I’m currently running MapD core with 1.2 billion rows of the nyc taxi data set on the following hardware:
CPU: Intel i7-4790 CPU @ 3.60GHz
Memory: 16GB DDR3 RAM
GPU: NVidia GTX 980
I’m trying to run some of the example queries from Mark’s benchmark blog http://tech.marksblogg.com/billion-nyc-taxi-rides-aws-ec2-p2-8xlarge-mapd.html. but encounter problems on query 4:
extract(year from pickup_datetime) AS pickup_year,
cast(trip_distance as int) AS distance,
count(*) AS the_count
GROUP BY passenger_count,
ORDER BY pickup_year,
I understand the hardware is far from good , especially with a dataset this size but from what I’ve read about MapD it should still be able to run queries by spilling into RAM and to the Hard disk.
On execution in GPU mode the above query errors with the exception:
Exception: Failed to run the cardinality estimation query: Query couldn’t keep the entire working set of columns in GPU memory
It does however run to completion on CPU mode.
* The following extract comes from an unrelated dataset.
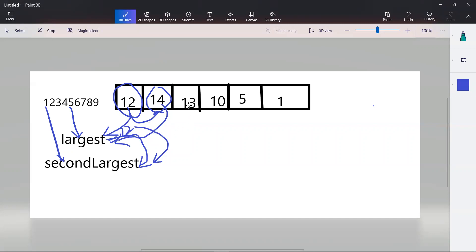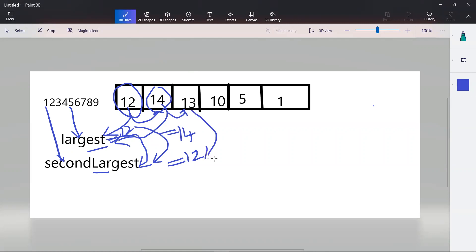Suppose we get a number like 13. At that point, largest is 14 and second largest is 12. Since 13 is in between largest and second largest, the current element should be directly assigned to second largest. So there are two routes: if the current element is greater than largest, update both variables; if it's in between largest and second largest, assign it directly to second largest. In a single iteration, we can find the second largest element.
I’ve already read Is there a memory replacement mechanism for mapd? and set both flags mentioned. My config file is as follows:
port = 9091
http-port = 9090
data = "/home/mapd/MAPD_STORAGE/data"
null-div-by-zero = true
gpu = true
allow-cpu-retry = true
enable-watchdog = false
port = 9092
frontend = “/home/mapd/mapd/frontend”
After the query returns with the error running
\memory_summary displays the following:
MapD Server Memory Usage
CPU RAM IN BUFFER USE : 2990.72 MB
GPU VRAM USAGE (in MB’s)
GPU MAX ALLOC IN-USE FREE
0 3432.91 3086.68* 2990.72 95.96
As you can see it fails with lot’s of free RAM to still use. Could anyone suggest why this is?
Additionally could anyone possibly help to diagnose the problem I’m facing and suggest a possible fix to allow the query to run to completion in GPU mode?